American INSIGHT
- Established: 1983
- Type: 501(c)(3) nonprofit organization
- Location: Philadelphia, Pennsylvania, U.S.;
- Coordinates: 40°00′30″N 75°15′38″W﻿ / ﻿40.008446°N 75.26046°W
- Founder: Margaret Chew Barringer

= American INSIGHT =

Nonprofit educational organization

American INSIGHT is a 501(c)(3) nonprofit educational organization registered based in Philadelphia, Pennsylvania.

== History ==
American INSIGHT was founded in 1983 under the original name of the American Poetry Center to promote free speech and the spoken word. Its success in Pennsylvania led to the creation of National Poetry Month. The organization legally changed its name to American INSIGHT in 2005.
American INSIGHT’s mission is to promote the history and values of Free Speech, Human Rights, and the Rule of Law - and to empower students to use their voice to discuss how these values emerge in societies around the world through the lens of independent filmmakers.
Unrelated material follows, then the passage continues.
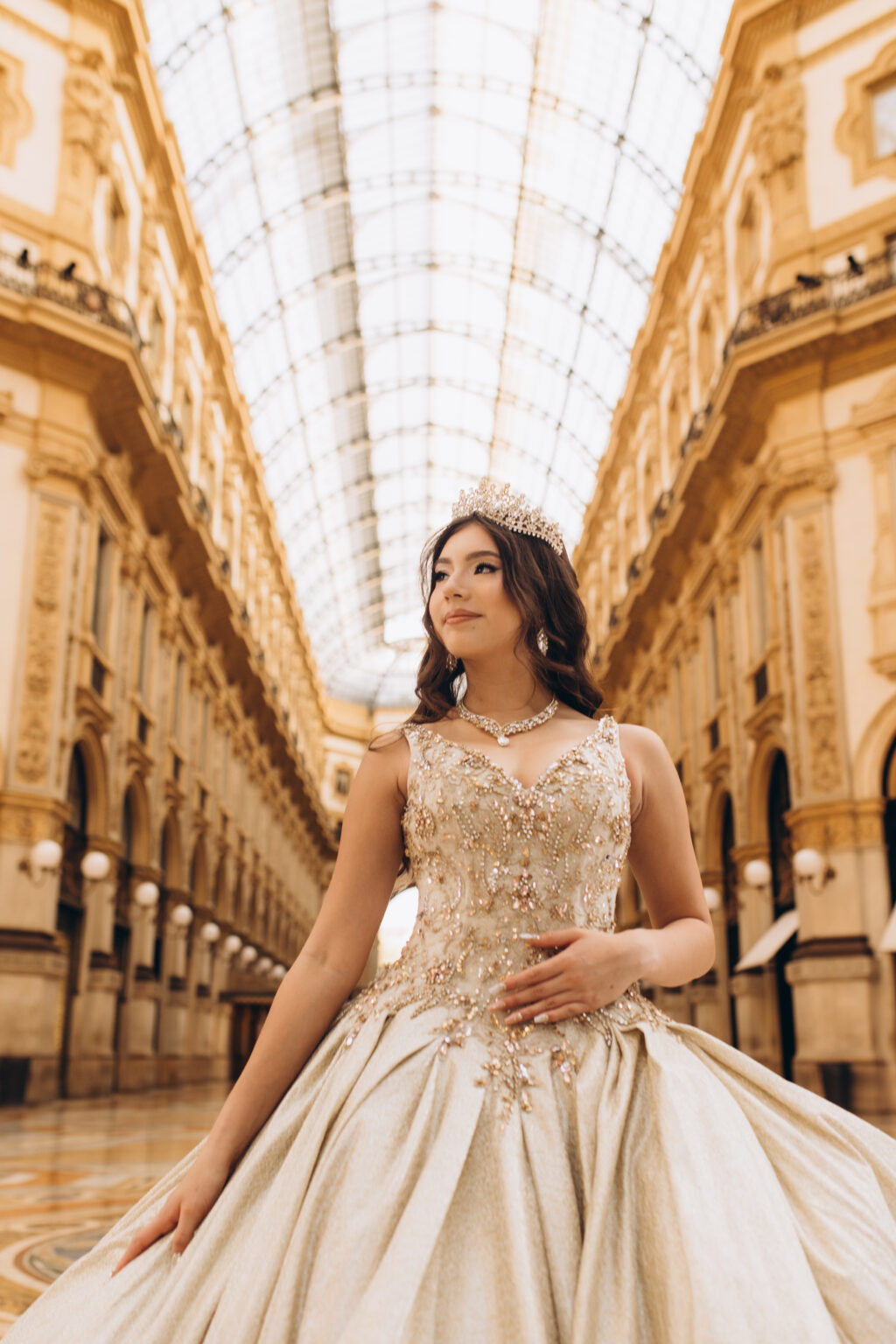 Quinceañera in a crown gazes upward beneath the glass barrel vault of the Galleria Vittorio Emanuele II in Milan.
== Free Speech Film Festival ==
American INSIGHT facilitates an annual Free Speech Film Festival that highlights prominent voices associated with global Human Rights. It welcomes submissions from independent filmmakers with films that present unique perspectives that highlight the fight against injustice, and are meant to engage the global community in deeper conversations about Free Speech, Human Rights, and the Rule of Law around the world.

- Philadelphia Citizen Review of 2022 Free Speech Film Festival

== Educational Outreach ==
American INSIGHT works with local universities to extend Free Speech awareness and skills. Additionally, it recently developed a Free Speech online course, Make History Every Day, to strengthen evidence and documentation based education and communication skills in the foundational areas of Free Speech, Human Rights, and the Rule of Law. The course exposes students to the techniques, issues, and the work of current global documentary filmmakers engaged in these areas.